**REQUIRED WORK**
Retype exactly what appears below from the line containing "Wash + Dry Indigo" down to the line containing "Guidon de moto", keeping both end lines. Do not include pictures.

EXCERPTED DATA: Begin

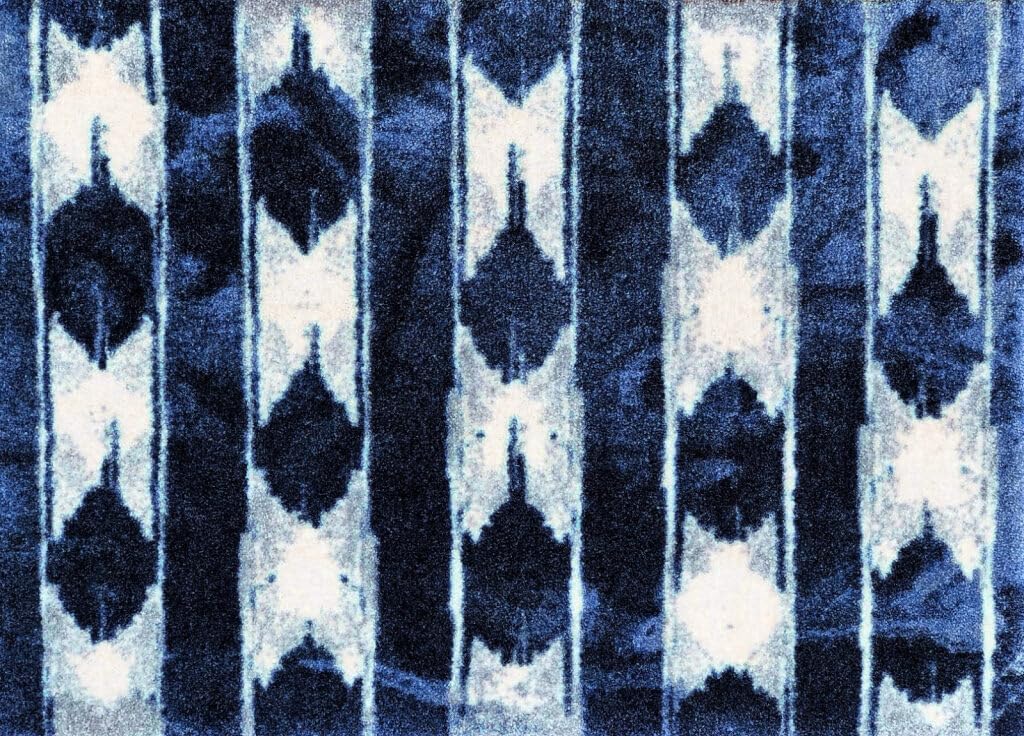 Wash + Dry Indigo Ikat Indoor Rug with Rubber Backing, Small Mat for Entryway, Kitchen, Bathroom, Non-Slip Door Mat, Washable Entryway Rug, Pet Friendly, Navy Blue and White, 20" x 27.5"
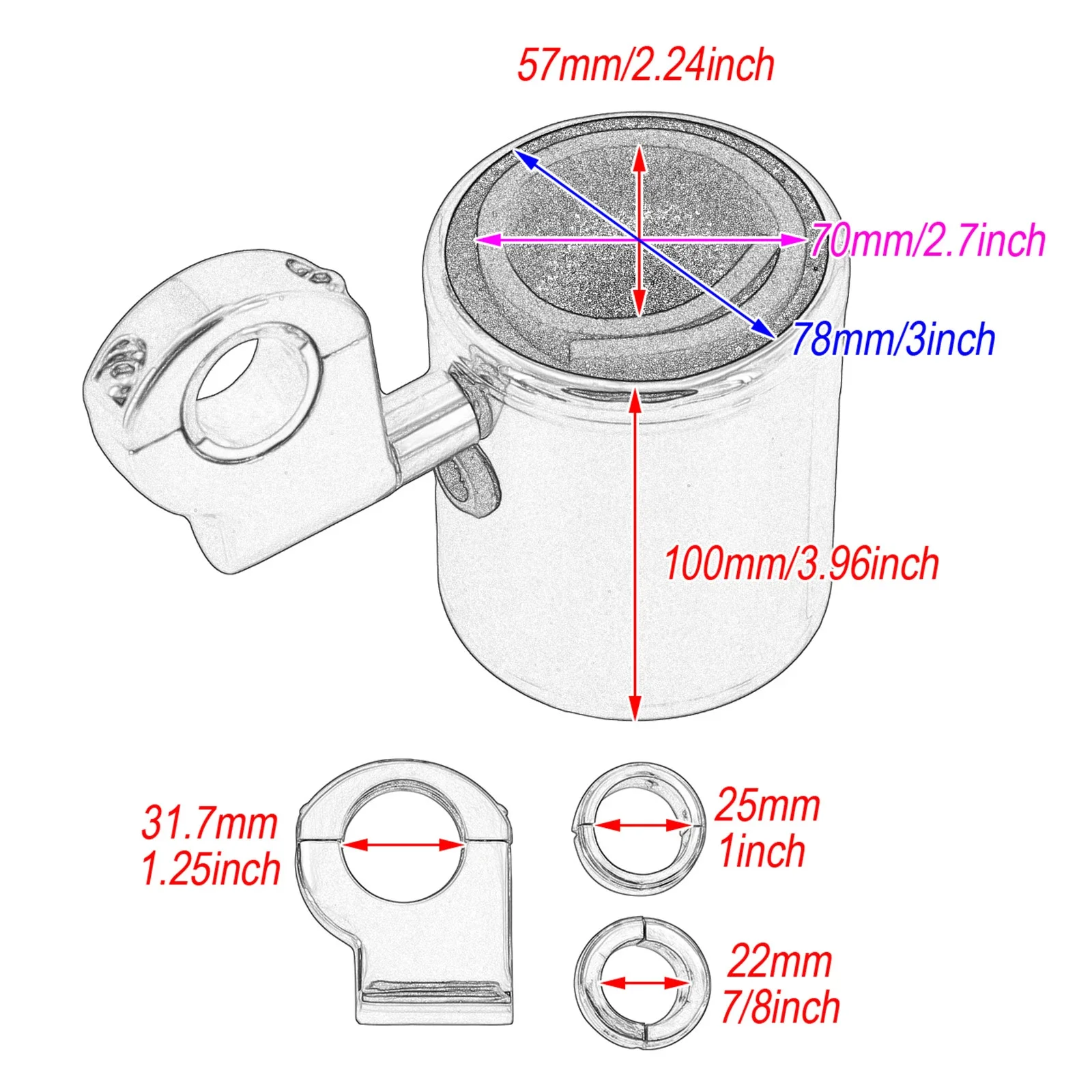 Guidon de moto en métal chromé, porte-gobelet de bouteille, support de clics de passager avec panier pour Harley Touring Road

EXCERPTED DATA: End
EXCERPTED DATA: Begin

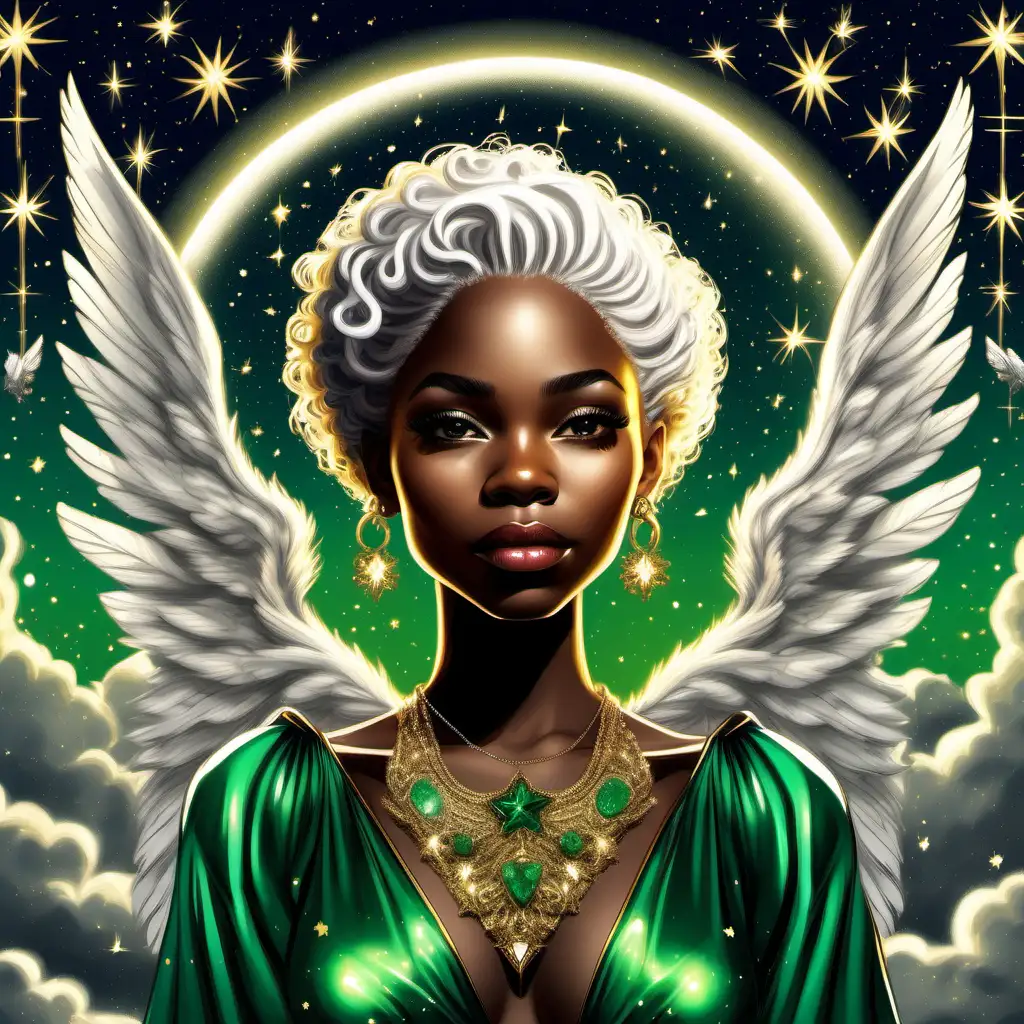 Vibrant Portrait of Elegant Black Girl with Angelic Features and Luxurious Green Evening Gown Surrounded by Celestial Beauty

EXCERPTED DATA: End

**ANSWER AREA**
 Wash + Dry Indigo Ikat Indoor Rug with Rubber Backing, Small Mat for Entryway, Kitchen, Bathroom, Non-Slip Door Mat, Washable Entryway Rug, Pet Friendly, Navy Blue and White, 20" x 27.5"
 Guidon de moto en métal chromé, porte-gobelet de bouteille, support de clics de passager avec panier pour Harley Touring Road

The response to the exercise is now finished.